_Task instructions_
Set down the records exactly as they stand, except for any pictures, which you should omit.

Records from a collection
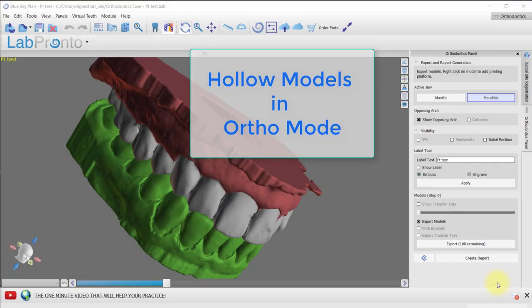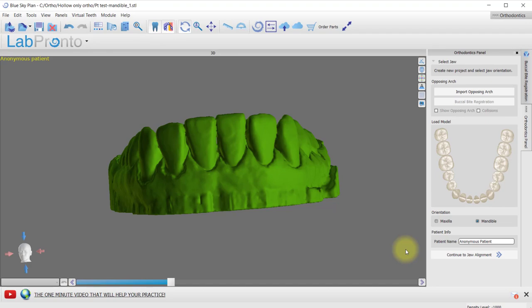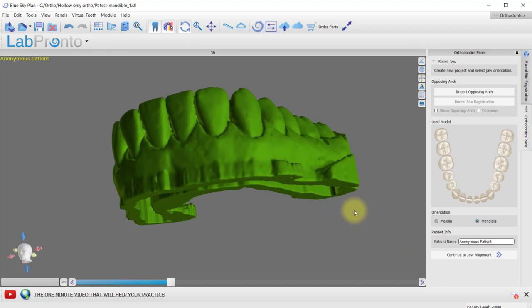Blue Sky Plan Ortho can now generate hollow models automatically when you export models from the program. Here is an example of a hollowed model.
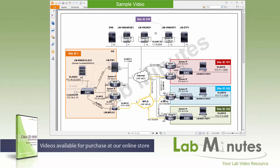In our simulated cloud, we have three controllers: the vManage, vBond, and vSmart. These are their corresponding IPs on VLAN 110. The subnet is 1.1.0/24, with vManage at .11, vBond at .12, and vSmart at .13. These are also their system IPs.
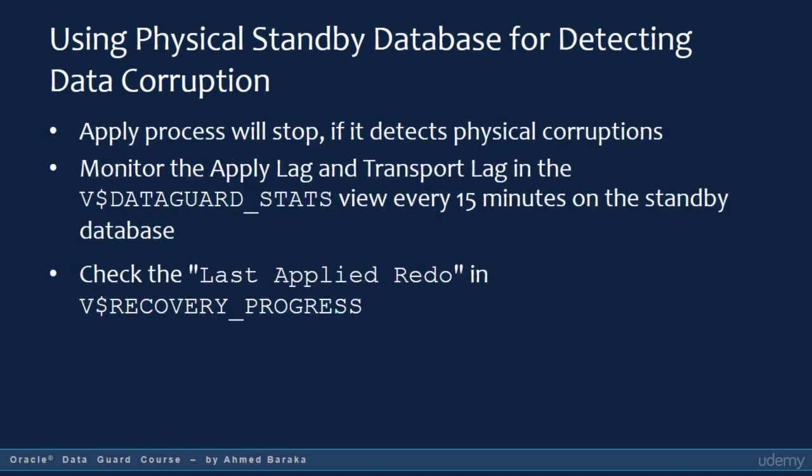If a physical block corruption is raised in the primary database, the apply process will automatically stop. As a DBA, you want to verify that the apply process is up and running. One tool is the V$DATAGUARD_STATS view, from which you retrieve the apply lag and transport lag. If the lag is increasing, the apply process is most likely stopped. Another tool is the V$RECOVERY_PROGRESS view, from which you can check the last applied redo. We will demonstrate using those views in more detail in the Monitoring Data Guard Configuration lecture.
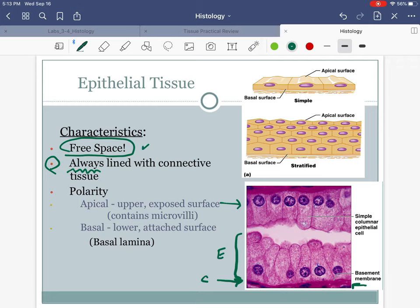Epithelial tissue has a free space. So when you're on the tissue practical and you've got 20 pictures, this is a way you can start to go through the process of elimination. Maybe the first question you ask yourself is: is there free space? And if the answer is yes, you're going to start to think epithelial tissue.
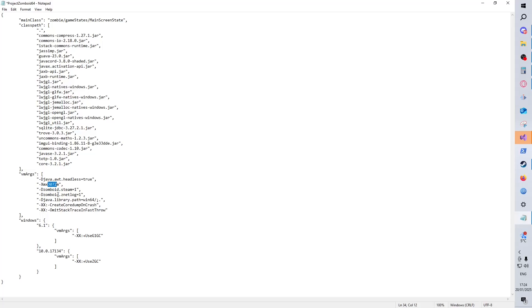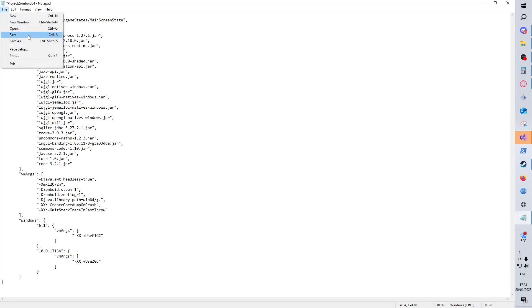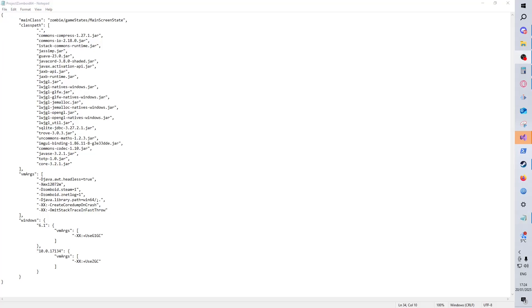You change that - I'm going to go ahead and give myself 12 gig rather than the default 3 gig. Save that file and now you're going to see a noticeable improvement in your game performance. Obviously allocate based on how much RAM you've got, not how much RAM I've got spare. And it is as simple as that.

_Answer for the task_
Blue Sky Plan Ortho can now generate hollow models automatically when you export models from the program. Here is an example of a hollowed model.
In our simulated cloud, we have three controllers: the vManage, vBond, and vSmart. These are their corresponding IPs on VLAN 110. The subnet is 1.1.0/24, with vManage at .11, vBond at .12, and vSmart at .13. These are also their system IPs.
If a physical block corruption is raised in the primary database, the apply process will automatically stop. As a DBA, you want to verify that the apply process is up and running. One tool is the V$DATAGUARD_STATS view, from which you retrieve the apply lag and transport lag. If the lag is increasing, the apply process is most likely stopped. Another tool is the V$RECOVERY_PROGRESS view, from which you can check the last applied redo. We will demonstrate using those views in more detail in the Monitoring Data Guard Configuration lecture.
Epithelial tissue has a free space. So when you're on the tissue practical and you've got 20 pictures, this is a way you can start to go through the process of elimination. Maybe the first question you ask yourself is: is there free space? And if the answer is yes, you're going to start to think epithelial tissue.
You change that - I'm going to go ahead and give myself 12 gig rather than the default 3 gig. Save that file and now you're going to see a noticeable improvement in your game performance. Obviously allocate based on how much RAM you've got, not how much RAM I've got spare. And it is as simple as that.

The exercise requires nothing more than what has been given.